──────── PROVIDED RECORDS

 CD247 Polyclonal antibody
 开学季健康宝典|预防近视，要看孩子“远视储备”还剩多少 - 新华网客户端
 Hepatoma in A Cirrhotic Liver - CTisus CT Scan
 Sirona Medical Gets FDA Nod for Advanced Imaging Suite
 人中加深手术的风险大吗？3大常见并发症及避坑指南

────────────────
──────── PROVIDED RECORDS

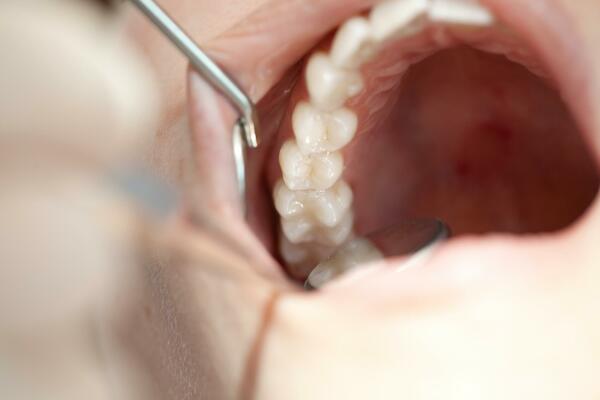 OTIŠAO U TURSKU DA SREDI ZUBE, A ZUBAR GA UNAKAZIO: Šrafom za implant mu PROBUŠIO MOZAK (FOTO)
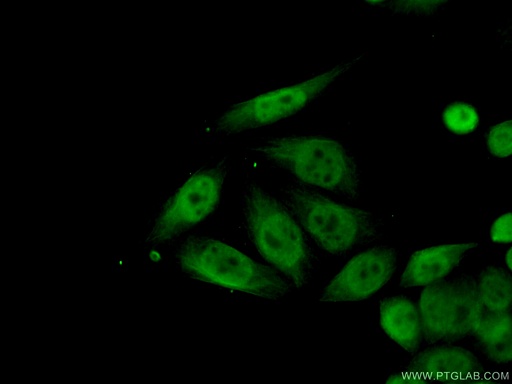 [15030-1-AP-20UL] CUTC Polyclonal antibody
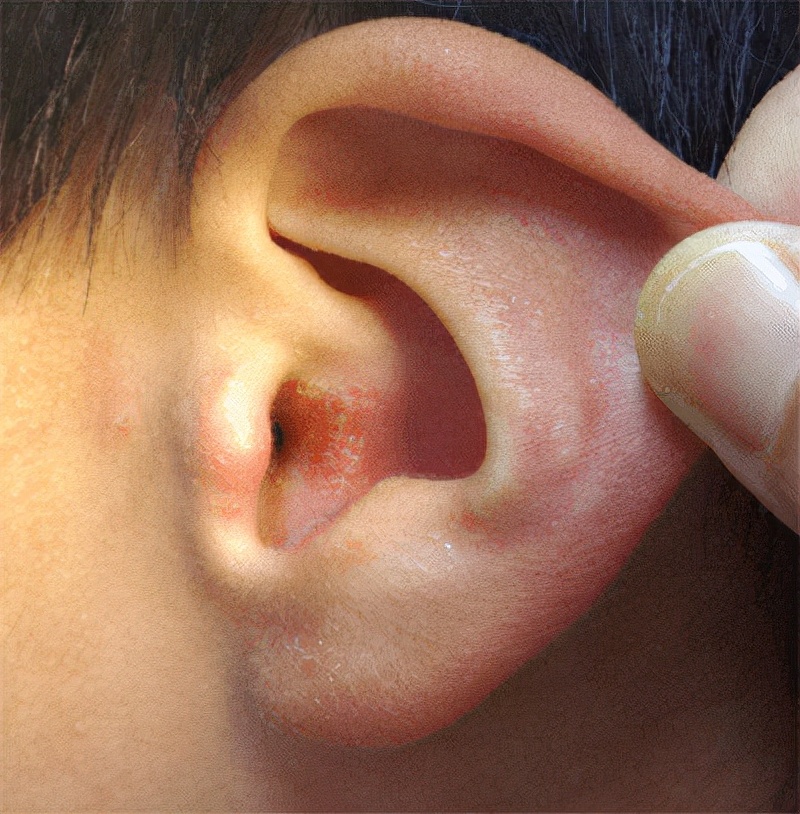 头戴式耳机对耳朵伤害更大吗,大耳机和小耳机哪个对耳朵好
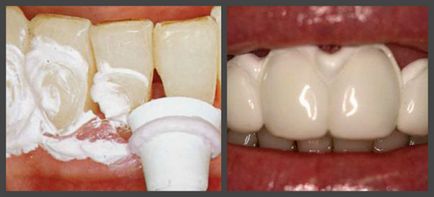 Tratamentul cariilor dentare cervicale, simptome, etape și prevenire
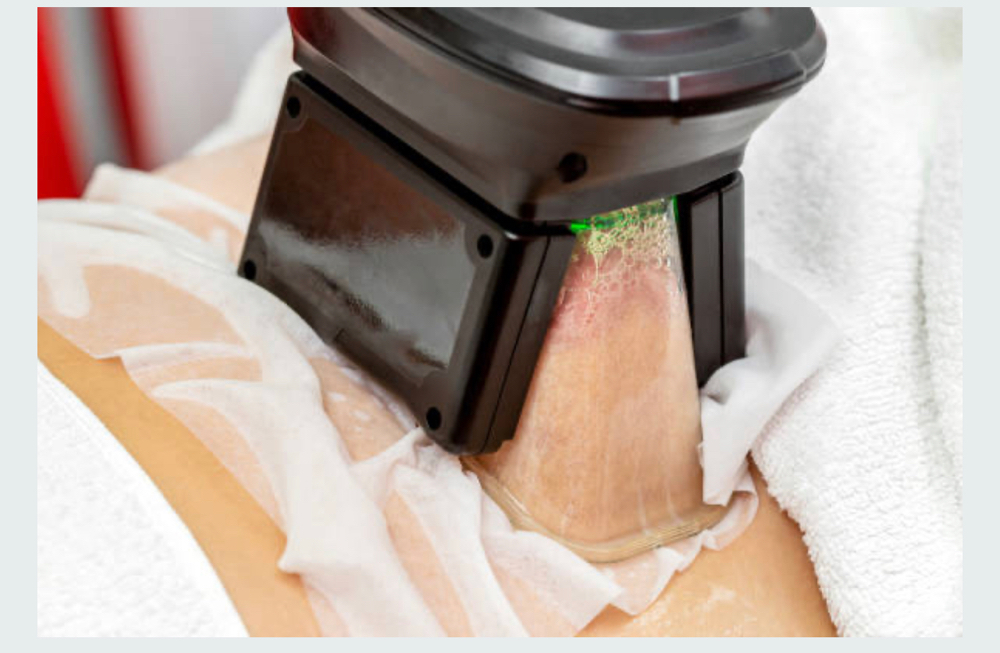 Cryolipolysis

────────────────
──────── PROVIDED RECORDS

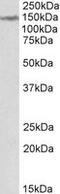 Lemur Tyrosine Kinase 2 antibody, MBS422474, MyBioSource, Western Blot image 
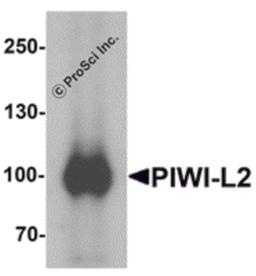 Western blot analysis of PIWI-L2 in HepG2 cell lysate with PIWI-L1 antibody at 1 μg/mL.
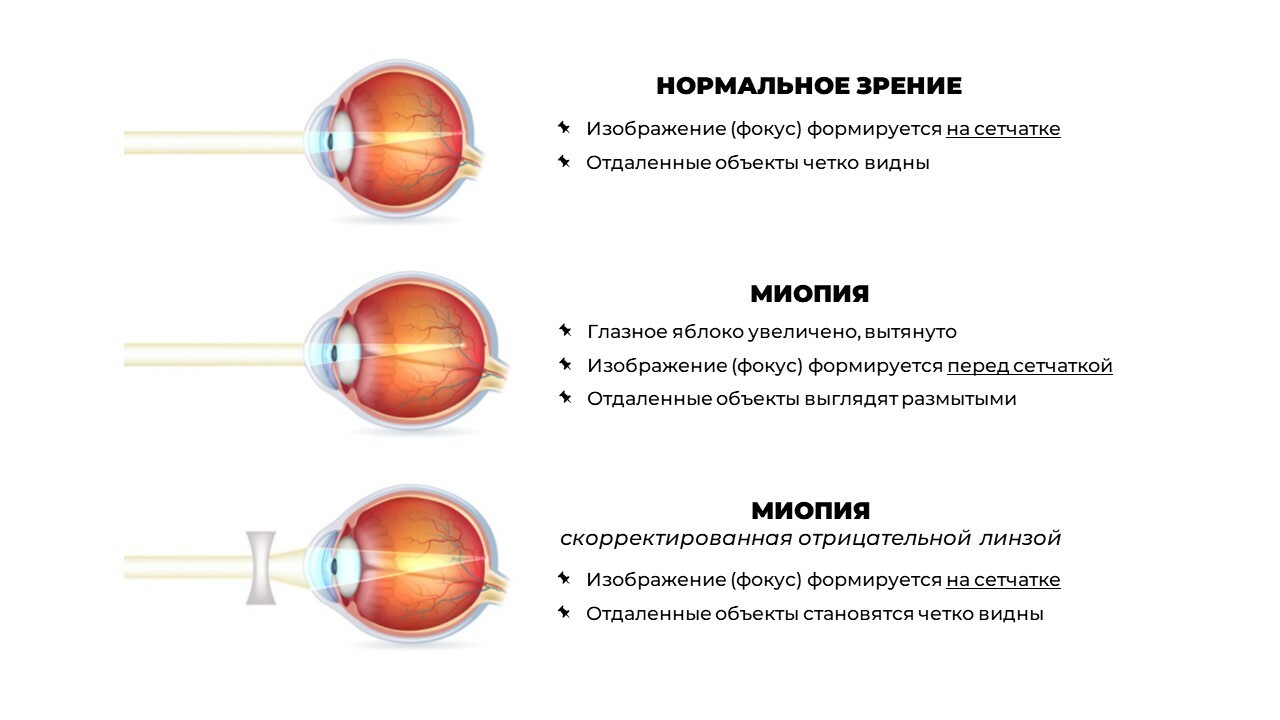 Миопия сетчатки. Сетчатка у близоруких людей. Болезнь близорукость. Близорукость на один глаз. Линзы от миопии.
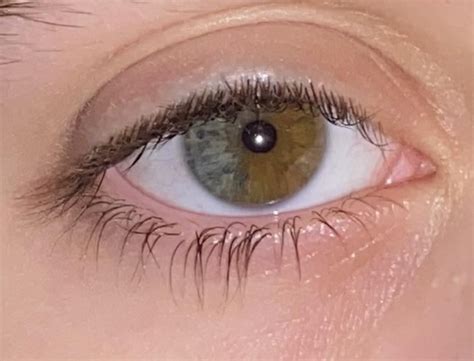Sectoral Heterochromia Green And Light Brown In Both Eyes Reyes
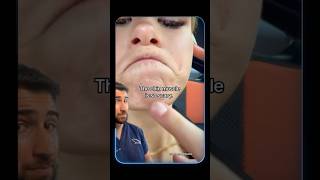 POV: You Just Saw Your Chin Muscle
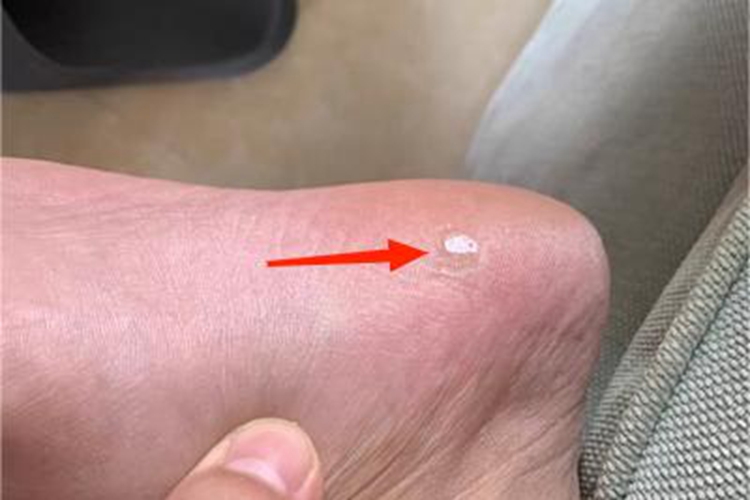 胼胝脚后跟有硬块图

────────────────

_WHAT NEEDS TO BE DONE:_ Return exactly, and only, the lines above starting at the line that contains "Hepatoma in A" and ending at the line that contains "人中加深手术的风险大吗？3大常见并发症及避坑指南".

_OUTPUT OF THE TASK:_
 Hepatoma in A Cirrhotic Liver - CTisus CT Scan
 Sirona Medical Gets FDA Nod for Advanced Imaging Suite
 人中加深手术的风险大吗？3大常见并发症及避坑指南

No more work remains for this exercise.